Title: Find Me
Author: André Aciman
Length: 261 pages
Publisher: Faber and Faber
Let me say, I know I was truly blessed by the book gods to get this book. I know, it’s so undeserving but I’m eternally grateful.
Synopsis: One person, one name – he knows, I thought. Right now, he knows, he still knows. Find me, he says. I will, Oliver, I will.
I feel like I have so many feelings and so much to say about this book, I’m scared this blog post might just be a bit of a ramble. I’ll try and keep it coherent, but really, when are my blog posts ever?
Again, I know I’m super lucky to have a ARC of ‘Find Me’. It’s my most anticipated sequel of the year. My most anticipated book of the year. In fact, maybe my most anticipated book ever? As soon as I found out it was being released I wanted it. My excitement knew no bounds.

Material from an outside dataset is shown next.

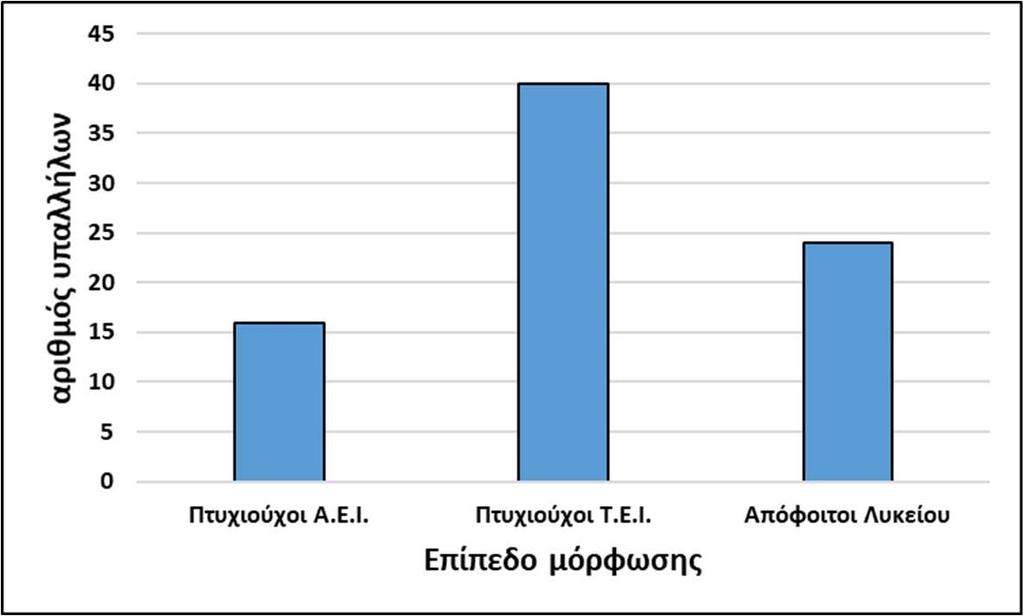 Άσκηση 4 Δίνεται η ποσοστιαία σύνθεση (%) του προσωπικού μιας επιχείρησης, με αριθμό υπαλλήλων 80 άτομα ως προς το μορφωτικό τους επίπεδο.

But with sequels and excitement comes expectations. I loved ‘Call Me By Your Name’. Seriously loved it. It’s one of my favourite books of all time. I recommend it to everyone. So, I tried to keep my expectations low, to give the book a fair chance. But it was hard book lovers, really hard.
‘Call Me By Your Name’ was the love story between Elio and Oliver, told entirely from Elios perspective. So you can imagine my surprise as I began to read the beginning of the book and it’s told from the perspective of Elio’s father Samuel. It wasn’t what I expected. See, there’s that expectation again. In this first section of the book we find Samuel on a train, on his way to visit Elio, where he meets a much younger, woman and they begin a passionate romance. Did I enjoy Samuels perspective? Yes. Did I want it? No. I spent the whole time wondering when the story would be back with Elio and Oliver.
In the next section of the book, we are finally reunited with Elio. It’s what I was waiting for. However, again, it wasn’t what I wanted. We find Elio beginning a romance with an older man. Side note: This book is almost like a guide book on how to date someone older. There was also a little sub-plot in this story of Elio and … trying to find out where a piece of sheet music came from, and it was so tedious and unnecessary. I don’t know why it was included.
The next section was told from Oliver point of view, who’s spending his last night in New York at a party, before moving back to Vermont with his wife. At the beginning of Oliver’s chapter, we find him mostly thinking about how he wants to have a threesome with a man and woman he’s come to know. Before his mind finally wonders to Elio and he makes a decision that will change his life. And lead the reader to what we’ve been wanting for.
The last section. The reunion. What I was waiting for. There’s no denying it, it was beautiful. Short but beautiful. I just wanted this to be longer. Even this chapter didn’t get a chance to really recapture the essence of what their romance was. It didn’t get to go as in-depth as I would’ve liked. But at least I was happy with how the story of Elio and Oliver ended.
I get it. I get that at the end of ‘Call Me By Your Name’ Oliver left. He moved on with his life. And I get this book was an insight into their lives an individuals, and the journey that brought them back together. It just feels like such a departure from the first book. André obviously knew what we as readers were all expecting and he hasn’t given us it. And I get that. But would it have been so bad to give us what we want? Especially when what he has given us isn’t amazing.
Look, this book was beautifully written. It’s Beautiful. But what did you expect? It’s André Aciman. I truly believes the man is a genius with words. It was at points so beautiful, especially in Samuels section, that it made me cry. It hit me deep. André just has a way of, I truly believe, knowing what’s in your soul and putting it on the page. I had to stop a few times to dry up the tears. I also loved that the sections connected, and showed how time had moved on. It made the story feel more united, and it needed it.
However, where this book is told from the perspective of three characters, I found it lost it’s intensity. In ‘Call Me By Your Name’, you only get Elio’s perspective, his thoughts and feeling created some of the most intense literature I’ve ever read. And it was missing from this book. It tried. It tried in the romance between Samuel and …. And with Elio and ….. But it didn’t manage it. I also felt like it used sex to try and create the intimacy but that also missed the mark. And the lack of intimacy created affects the story, these two romances that happened almost instantly, just felt like the ‘instalove’ troupe instead of the passionate romance that sweeps you away in ‘Find Me’ predecessor.
This is one of the biggest LGBT+ books to ever be released, so it’s a shame there wasn’t more queer elements in it. Of course there is some, but not nearly as much as I was expecting. It feels like a missed opportunity. When they finally get together again, the connection is still there, I just wish we could’ve seen more of it.
Would I recommend this book? Absolutely! It’s beautifully written. But is it the story I was hoping for? No.
Also, I know I’ve spent the review comparing it to the first one, but I couldn’t help it!
Thanks to Faber and Faber for gifting me with a copy of this book in return for an honest, unbiased review. You’ll never know how grateful I am. This books comes out October 29th. Let me know if you enjoy it.